Though known primarily on the mainland as an actress, Carrere has long had a love for music. That love remained plainly evident after she picked up the award for best Hawaiian music Sunday the 2011 Grammy Awards. It was her fourth nomination in the category.
“Sitting there, when they announced my name, I didn’t have time to react, because my mom and sister jumped out of their seats,” Carrere told The Rafu Monday afternoon.
“In past years, I had been a presenter, and I always told people who won to run to the stage, because walking up to accept their awards is what makes the show run so long,” she explained.
Carrere won the honor for her collection of songs with lyrics in Hawaiian, “Huana ke Aloha,” which was produced by her longtime friend and collaborator, Daniel Ho. Other big winners on Monday night included violinist Mitsuko Uchida, who took best instrumental soloist performance honors for “Mozart: Piano Concertos Nos. 23 and 24,” and Tak Matsumoto, a member of the Japanese rock band B’z picked up a Grammy for best pop instrumental album “Take Your Pick.” Honolulu-native Bruno Mars, who was nominated for seven Grammys, won best pop male vocal performance for “Just The Way You Are.”
During a promotional event for her album last October, Ho said that the opportunity to record has transformed Carrere, with whom he has been singing and performing since they were 14 years old.
“She’s always had music inside and was afraid to let it out,” Ho explained. “I knew that, because we were playing music when we were 14, so I knew that she was an amazing vocalist back then, she’s even better now. It was music that we grew up singing. Our first record was all familiar Hawaiian songs and we took it a step further by doing all originals for the next two CDs. With this album, these are traditional and classical melodies set to original Hawaiian lyrics, mixed with jazz and classical.

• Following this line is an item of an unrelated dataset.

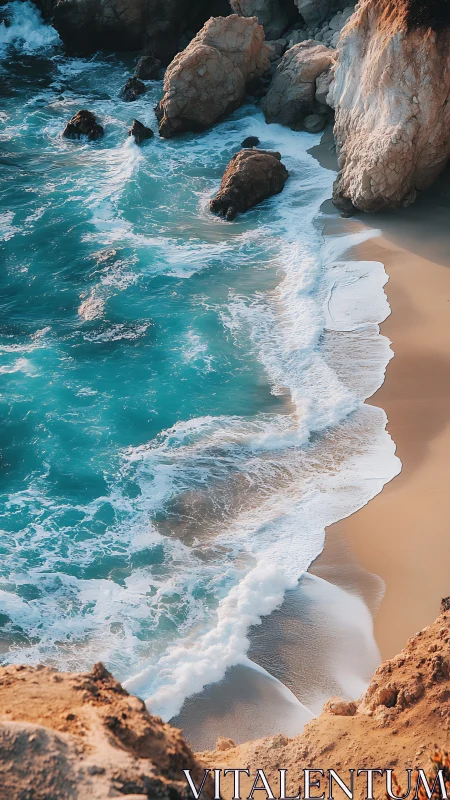 Coastal shoreline with waves, sand, and rocky cliff face.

It’s an exploration.”
A notable side note to the award for “Huana ke Aloha” is that it contains no slack key guitar, the trademark sound of traditional Hawaiian music recognized worldwide. Carrere said that there has been some grumbling by Hawaiian music purists about the awards for a new direction in island music, but that she hopes her notoriety helps spread appreciation of the genre.
“It’s kind of shame that there’s some sour grapes,” Carrere said. “I like to think we’re taking Hawaiian music to a wider world stage, and that we bring more attention to the music of Hawaii. Whatever the style or interpretation, we love playing it.”
This is Carrere’s second Grammy, after winning one with Ho for their 2008 album “Ikena.” She said that Ho was every bit a part of “Huana ke Aloha” as herself, and that he deserved equal credit.
“Daniel’s name should have been on this album,” she claimed. “He’s a music genius and he’s the one who has made all this possible. He does everything and I am fortunate to be able to call him my friend. He has made all my dreams come true.”
With Ho stepping to the stage with her Sunday during the pre-telecast awards ceremony, Carrere said in her acceptance speech, “Everybody thinks I’m an actress, but I’m a singer and a musician first and foremost and that’s where my heart lies.”